David Gill, German Consul General in New York, was born in Schönebeck/Elbe in 1966. He has been the Consul General in New York since August 2017. Prior to his appointment, he served as State Secretary and Head of the Office of the Federal President from 2012-2017.
Dr. Melanie Lorek is Assistant Professor of Sociology and Human Relations at CUNY School of Professional Studies. Her work focuses on the current relevance and commemoration of the GDR and socialist thought. In her recent scholarship she examined how East Germans remember the German reunification as well as the social and symbolic meanings of GDR recipes posted online. She is currently preparing a book manuscript examining the ways in which the commemoration of East Germany’s socialist past is used to construct, build, and negotiate its present.
Alexander Polzin, born in East Berlin in 1973, originally trained as a stonemason. He enjoys an international career as a sculptor, painter, stage designer and opera director. In addition, he develops unique collaborations with writers, composers, musicians, choreographers and scholars from all over the world. He was a close friend of Brasch's and organized a multifaceted tribute to Brasch at the 2021 Berlin International Literature Festival.

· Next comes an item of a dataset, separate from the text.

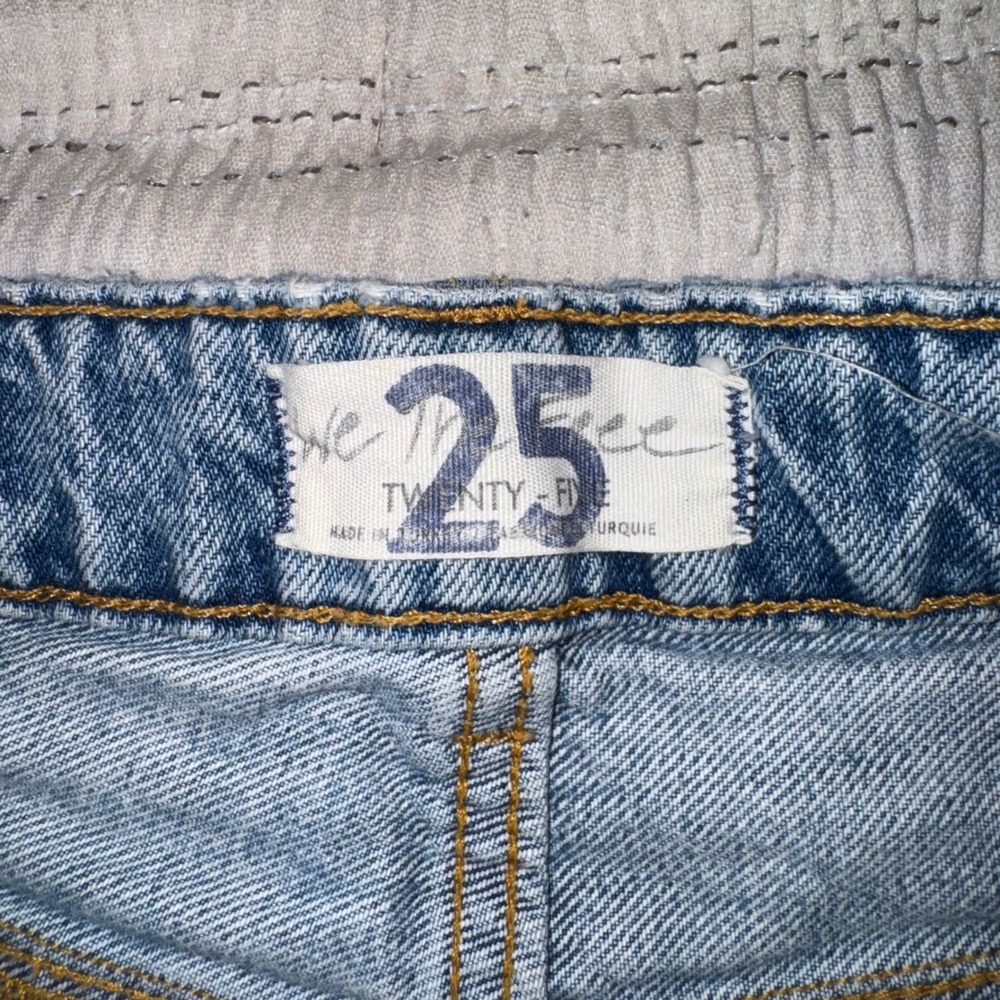 Free People We The Free Light Wash Distressed Straight Leg Jeans Size 25 - Picture 6 of 8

Part of the Thomas Brasch Retrospective
Born in England to Kindertransport refugees who were active Communists – Thomas Brasch came to embody the fault lines of German history like few other artists. As his father Horst Brasch rose in the ranks of East Germany’s ruling Socialist Unity Party, Thomas became an uncompromisingly radical writer whose activism led to censorship and three months in prison. After his move to West Germany, he refused to play the role of GDR-dissident and focused his critique on West German society and German history in plays, poetry, and a series of brilliant but challenging films. Although he is highly regarded as a translator of Chekhov’s and Shakespeare’s works into German, none of Thomas Brasch’s major works have ever been published in English. His major films, jarring meditations on German history such as Der Passagier – Welcome to Germany (1988, starring Tony Curtis as a choleric Hollywood director who returns to Germany to make a film about his experience in a concentration camp), are rarely shown in the United States. This spring, LBI, the Goethe-Institut New York, The German Film Office, The German Consulate General in New York, Deutsches Haus at NYU, and the Friends of Freiburg Alumni of North America will re-introduce audiences to this remarkable artist and story.